Bryan Stephenson, a junior from West Philadelphia who knows the students who were jumped, said the attack made the program more powerful.
"It affected us a lot more," Stephenson, 17, said. "It had more of an impact."
Classmate Jordan Gifford, 16, of South Philadelphia, agreed. "I think it came closer to home because . . . the kids who went through it were the kids who were doing the performance."
"Everyone seemed so sincere and heartfelt," said Sam Margulies, a senior from East Falls. "You could tell it was not rehearsed."
Police arrested an 18-year-old Benjamin Franklin High School student and two 13-year-old Waring School students for their alleged roles in the attack, which occurred shortly after 4:30 p.m. Monday at 17th and Spring Garden Streets. At that time, the Masterman students were shooting video for their skit.
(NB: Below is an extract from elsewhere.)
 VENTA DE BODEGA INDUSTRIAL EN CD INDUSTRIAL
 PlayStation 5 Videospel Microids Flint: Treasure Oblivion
A police spokeswoman yesterday could not confirm the Masterman students' account that stolen sneakers were behind the attack.
District spokesman Fernando Gallard said it appeared the assaults were the result of a case of mistaken identity.
The youths pointed at the Masterman students and asked one another, "Is that him? Is that him?" Gallard said, and then they began punching three of the students.
"They seemed to be looking for someone," Gallard said, "and when they didn't find him, picked a fight anyway."
Officials declined to identify the students who were beaten or to release the names of other members of the extra-curricular club who witnessed the attack.
Masterman's academic program spans fifth through 12th grades and draws its 1,200 students from throughout the city. The high school program was ranked 53d in the nation by U.S. News and World Report in its December story on the nation's top 100 public high schools.
Additional police officers and members of the Philadelphia Anti-Drug, Anti-Violence Network were posted outside the building at arrival and dismissal yesterday.
"I never thought I would see this here," said Gwen Enoch of Northeast Philadelphia, who was parked outside the school as usual, waiting to pick up her 11-year-old granddaughter.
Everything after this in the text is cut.